*** Opening Records provided ***

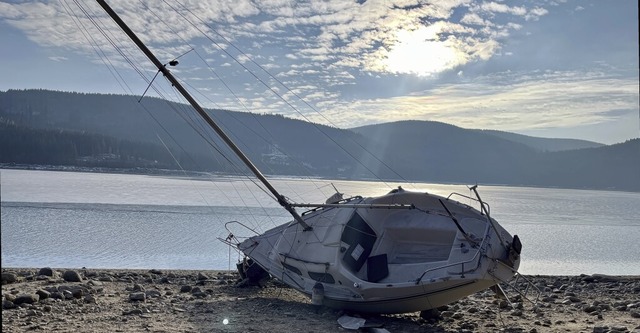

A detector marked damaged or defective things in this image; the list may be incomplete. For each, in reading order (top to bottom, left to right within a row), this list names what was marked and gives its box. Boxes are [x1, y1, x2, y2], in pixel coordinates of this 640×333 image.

damaged boat [97, 0, 524, 312]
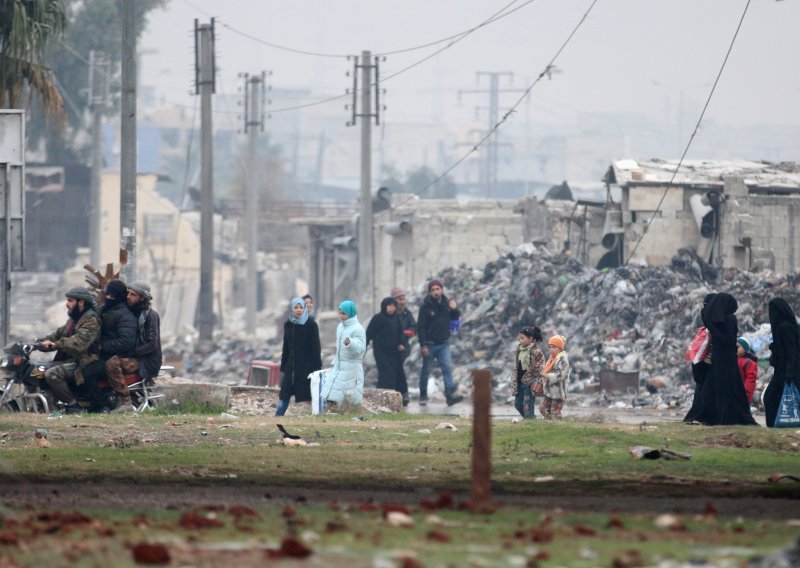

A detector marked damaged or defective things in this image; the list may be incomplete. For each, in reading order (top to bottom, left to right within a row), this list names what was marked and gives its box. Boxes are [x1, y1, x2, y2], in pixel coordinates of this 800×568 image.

rusty metal pole [468, 368, 494, 510]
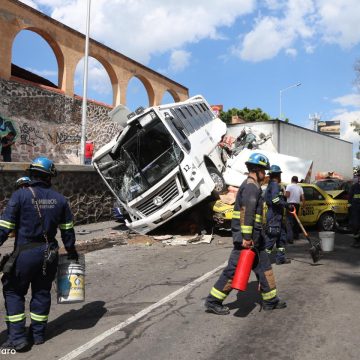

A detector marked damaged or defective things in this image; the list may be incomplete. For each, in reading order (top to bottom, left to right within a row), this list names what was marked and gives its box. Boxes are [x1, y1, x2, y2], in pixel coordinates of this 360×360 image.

damaged wall [0, 164, 114, 225]
damaged wall [0, 79, 122, 164]
crashed white bus [94, 95, 226, 233]
crushed vehicle [94, 95, 226, 233]
overturned vehicle [93, 95, 228, 233]
crushed vehicle [212, 183, 348, 231]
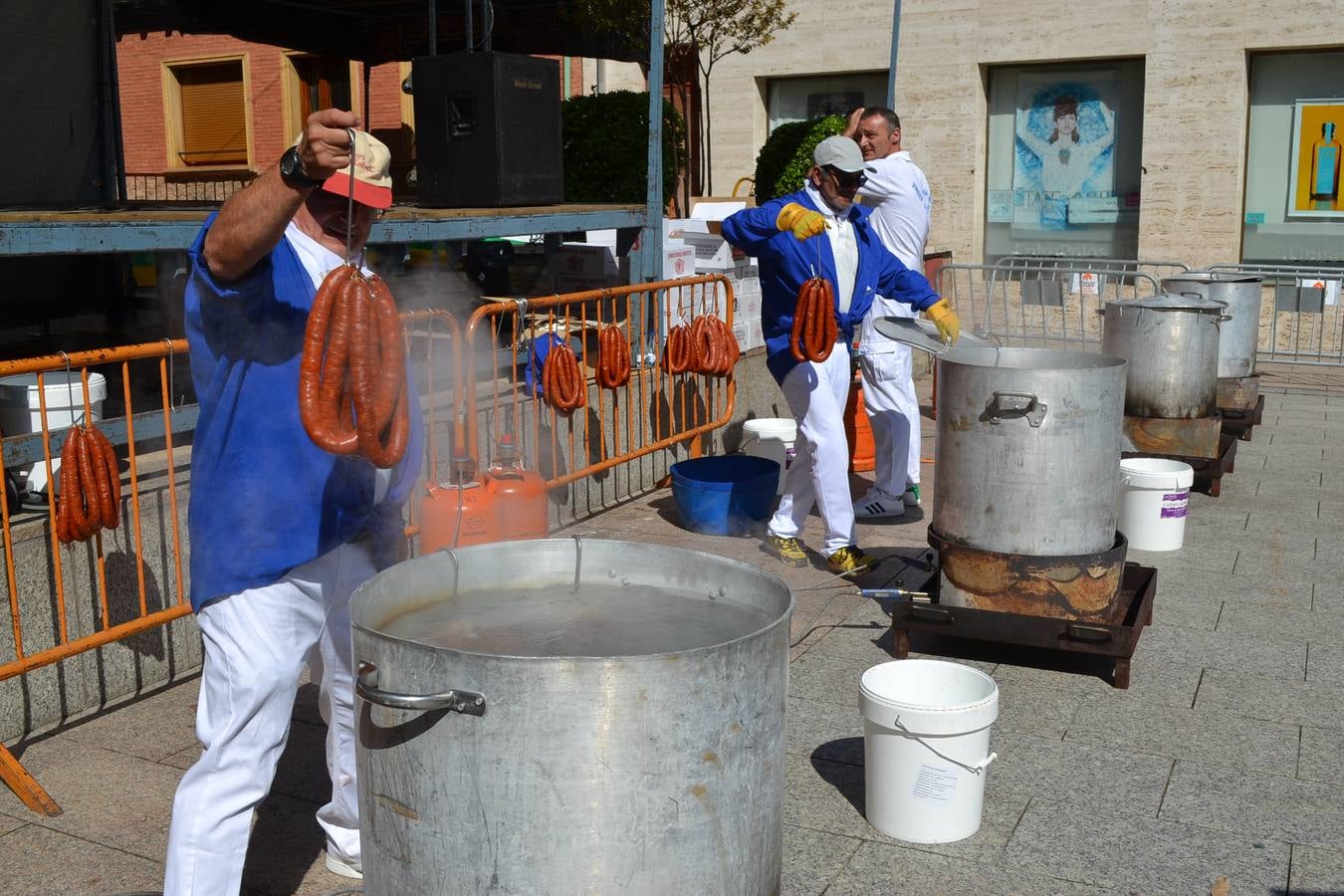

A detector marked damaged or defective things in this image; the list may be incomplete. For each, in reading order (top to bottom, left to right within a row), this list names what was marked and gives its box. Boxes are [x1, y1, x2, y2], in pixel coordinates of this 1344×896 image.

rusty metal stand [892, 563, 1156, 693]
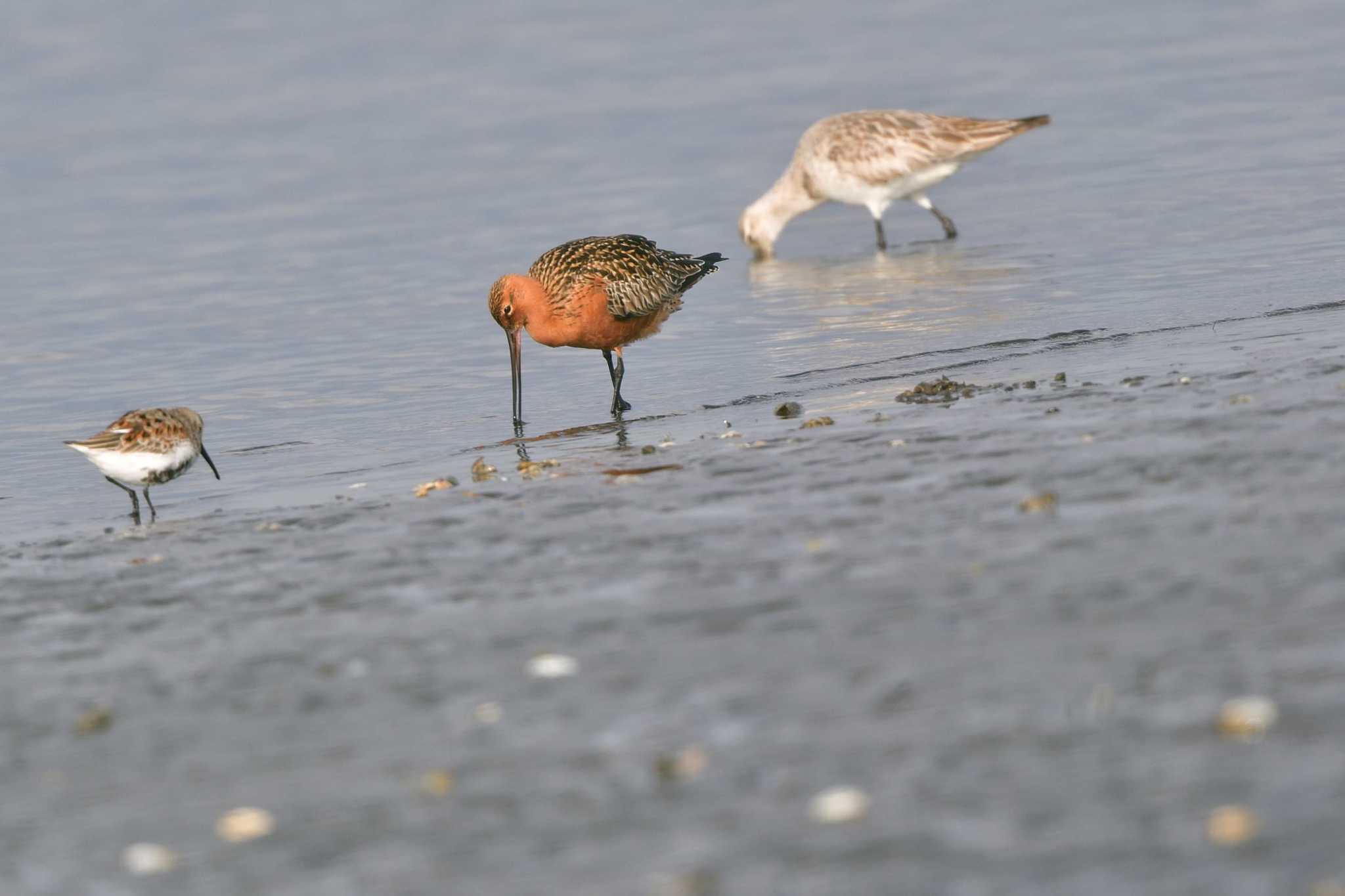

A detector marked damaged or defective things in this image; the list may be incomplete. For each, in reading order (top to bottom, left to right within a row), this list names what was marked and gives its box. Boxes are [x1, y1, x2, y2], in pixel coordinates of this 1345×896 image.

rusty orange shorebird [489, 235, 726, 424]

*** Closing Records provided ***

Required work
Where the line with "this 360×360 image." appears, begin there and transcribe exactly through the last line of the data, leaving all pictures aside.

Task output
A detector marked damaged or defective things in this image; the list may be incomplete. For each, in reading order (top to bottom, left to right within a row), this list names what was marked and gives its box. Boxes are [x1, y1, x2, y2], in pixel coordinates of this 360×360 image.

damaged wall [0, 164, 114, 225]
damaged wall [0, 79, 122, 164]
crashed white bus [94, 95, 226, 233]
crushed vehicle [94, 95, 226, 233]
overturned vehicle [93, 95, 228, 233]
crushed vehicle [212, 183, 348, 231]

A detector marked damaged or defective things in this image; the list may be incomplete. For each, in reading order (top to bottom, left to right within a row), this list names what was marked and gives its box. Boxes are [x1, y1, x2, y2], in pixel coordinates of this 1344×896 image.

rusty metal stand [892, 563, 1156, 693]

A detector marked damaged or defective things in this image; the list may be incomplete. For each, in reading order (top to bottom, left to right within a row), this list names what was marked and gives its box. Boxes are [x1, y1, x2, y2], in pixel coordinates of this 1345×896 image.

rusty orange shorebird [489, 235, 726, 424]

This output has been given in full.